Thursday, October 18, 2012

Horror, Homosexuality, and Hidden Obssession



     I was watching the new episode of American Horror Story this morning, excited to see what they'd do with the show. I'd started last year with AHS, attracted by its super-creepy advertising and Halloween-timing (this is the time of year I return to Rocky Horror, as well). The show itself, for anyone who hasn't seen it, is golden. It's a little bit like Lost (or what I've heard about Lost, at least) in that you're always having to ask more questions - the difference is that the show was primarily about the supernatural and didn't really rely on explanations of the bizarre occurrences. You knew there were ghosts, and you knew that people were being terrorized, but beyond that, you're basically expected to just enjoy the ride. And what a ride it was.

     The second season was intriguing to me right off the bat , though at first, I was upset. Without spoiling things, I'll just say that the first season could stand alone, and I'm tired of shows going on and on with the same worn-out storylines and characters, continuing to wearing themselves thin for the sake of a new season of payroll checks. Would they do with this show as so many others had done to great creative works (The Office comes to mind)? Needless to say, I was relieved to see that the second season would be a new story, unrelated to its predecessor. Wow - bold move!

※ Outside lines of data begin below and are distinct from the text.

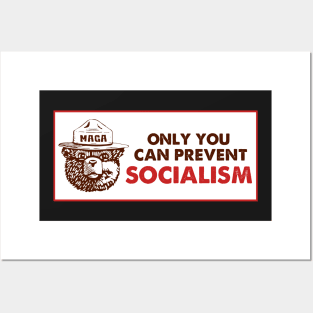 Only You Can Prevent Socialism ,Smokey The Bear Socialism Bumper Posters and Art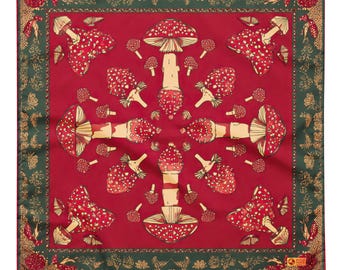 mushroom bandana -  Whimsical Woodland Retro Toadstool Fashion, Cottagecore Forest Charm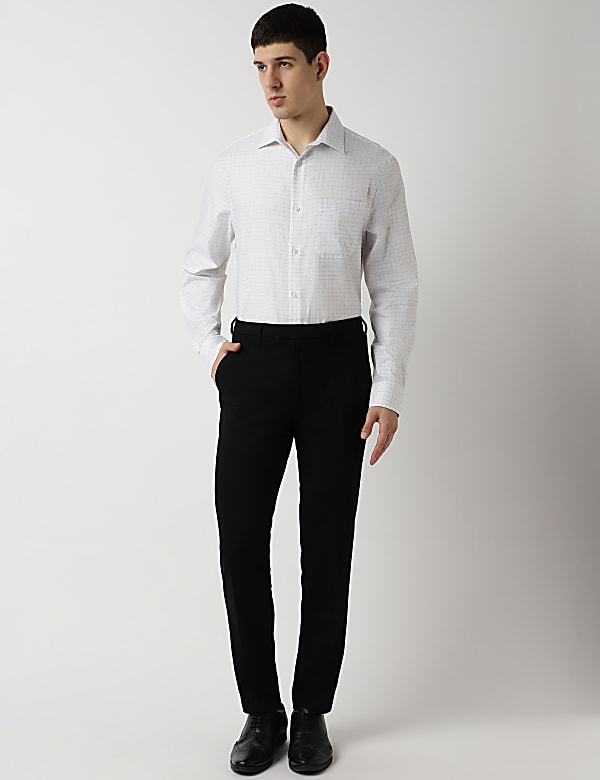 Pure Cotton Checks Spread Collar Shirt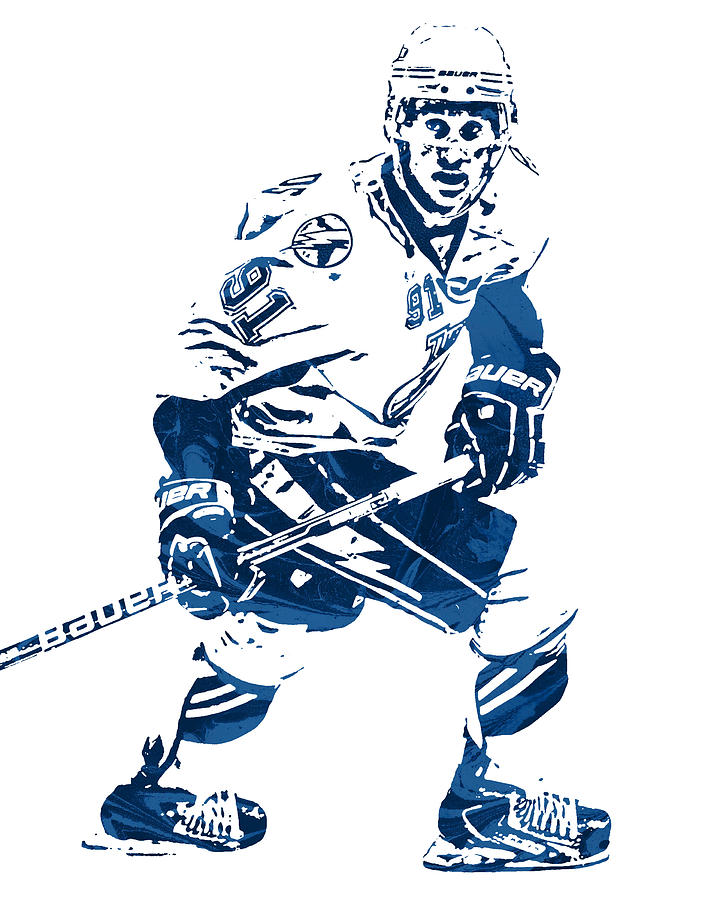 Steven Stamkos Tampa Bay Lightning Watercolor Strokes Pixel Art 10 by Joe  Hamilton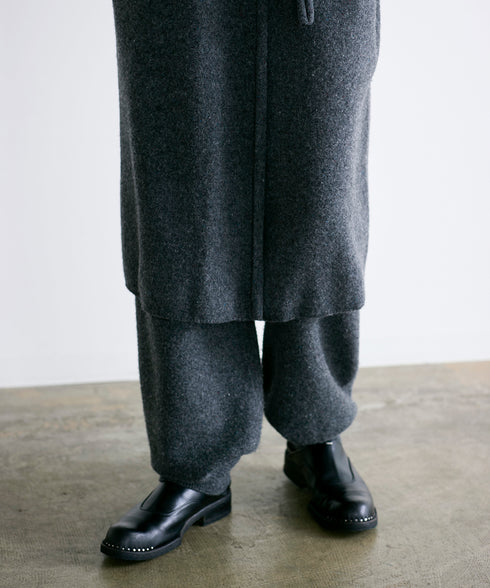 boiled wool high waist pants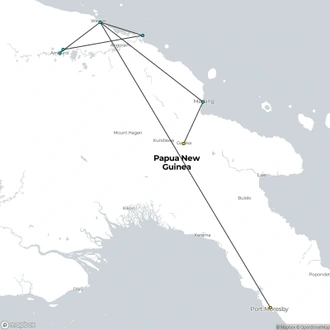 tourhub | Crooked Compass | Goroka Festival, Madang &#038; The Sepik River | Tour Map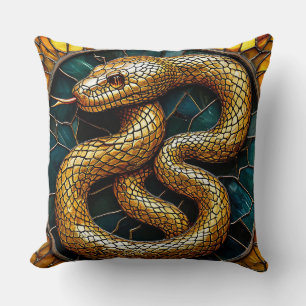🐍 Golden Snake Stained Glass Home Decor ✨ Throw Pillow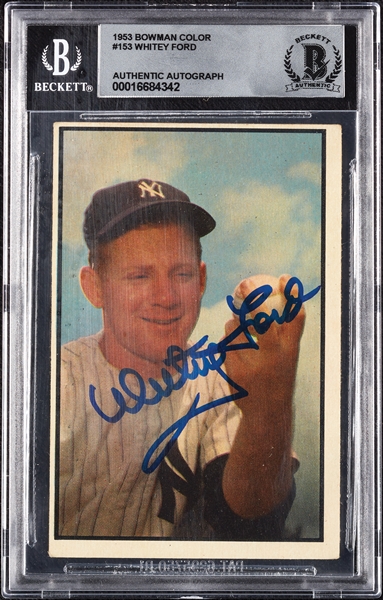 Whitey Ford Signed 1953 Bowman Color No. 153 (Graded BAS 10)
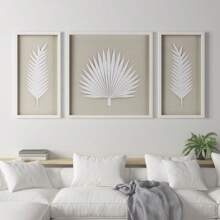 Framed Rice Paper Palm Leaves 3-piece Shadowbox Wall Decor Set - Beige - View 9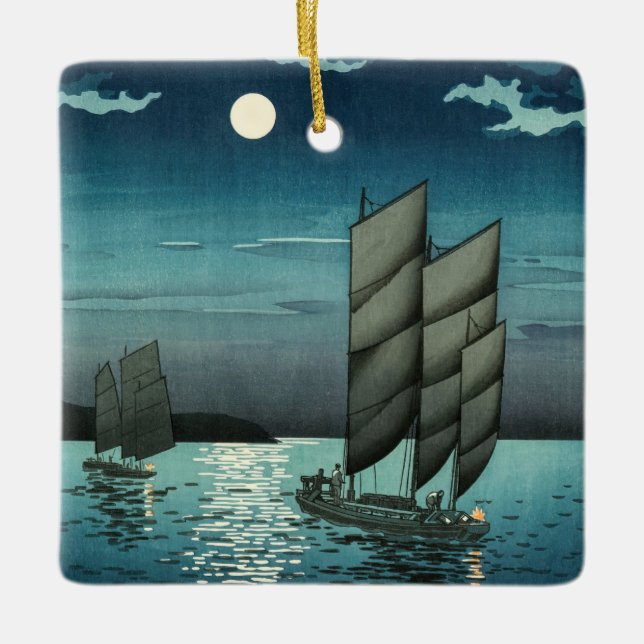 Ornement En Céramique Tsuchiya Koitsu - Bateaux à Shinagawa, Nuit (Devant)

     But that's not why I'm here. Watching the second season, I immediately picked up on some of the things that made the first season so wonderful - there's something about the mix of blood and sex and FEAR that gets the American public aroused. But perhaps more importantly, the particular brand of sex in AHS is startling. They push the limits of network broadcasting television.  In a half-sexual example in this first episode, they said, "pussy" - now, I don't watch much TV, but this was the first time I could recall hearing that. They have gay men and gimp suits and sex-driven maids, basement-bound abortion clinics and mentally and physically retarded individuals. There is murder, and sex, and more murder. The second season has started off fairly strong - and these same themes show through almost immediately.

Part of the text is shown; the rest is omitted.